Poisson Distribution

• Feb 7th 2009, 04:22 PM
eigenvector11
Poisson Distribution
Given a random sample of size n from a Poisson distribution, lambda hat_1 = X_1 and lambda hat_2 = Xbar are two unbiased estimators for lambda. Calculate the relative efficiency of lambda hat_1 to lambda hat_2.

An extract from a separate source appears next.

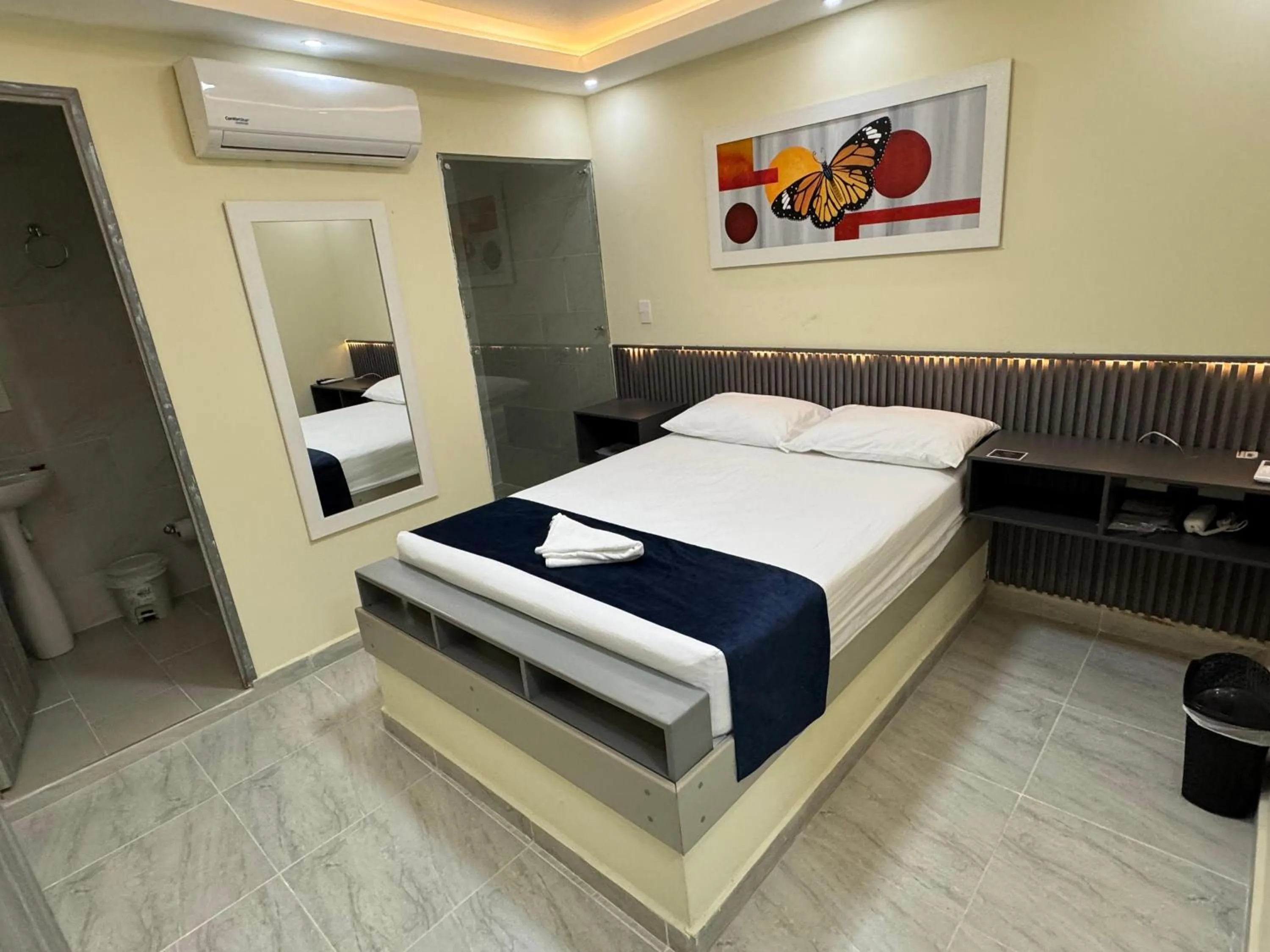 Bed in Hotel Magistral Suiter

I know this means to campare the two variances. In other words,
Var(lambda hat_2)/Var(lambda hat_1). I'm not sure how to find the variances though. According to my formula sheet, the variance of a Poisson distribution is just lambda, and the mean of a Poisson distribution is also lambda. I guess I'm not sure how to put it all together. Any ideas?
• Feb 7th 2009, 09:01 PM
mr fantastic
Quote:

Originally Posted by eigenvector11
Given a random sample of size n from a Poisson distribution, lambda hat_1 = X_1 and lambda hat_2 = Xbar are two unbiased estimators for lambda. Calculate the relative efficiency of lambda hat_1 to lambda hat_2.

I know this means to campare the two variances. In other words,
Var(lambda hat_2)/Var(lambda hat_1). I'm not sure how to find the variances though. According to my formula sheet, the variance of a Poisson distribution is just lambda, and the mean of a Poisson distribution is also lambda. I guess I'm not sure how to put it all together. Any ideas?

$Var(\hat{\lambda_1}) = \lambda$.

$Var(\hat{\lambda_2}) = Var\left( \frac{X_1}{n}\right) + Var\left( \frac{X_2}{n}\right) + \, .... + Var\left( \frac{X_n}{n}\right)$ $= \frac{1}{n^2} Var(X_1) + \frac{1}{n^2} Var(X_2) + \, .... \, + \frac{1}{n^2} Var(X_n) = \frac{\lambda}{n}$.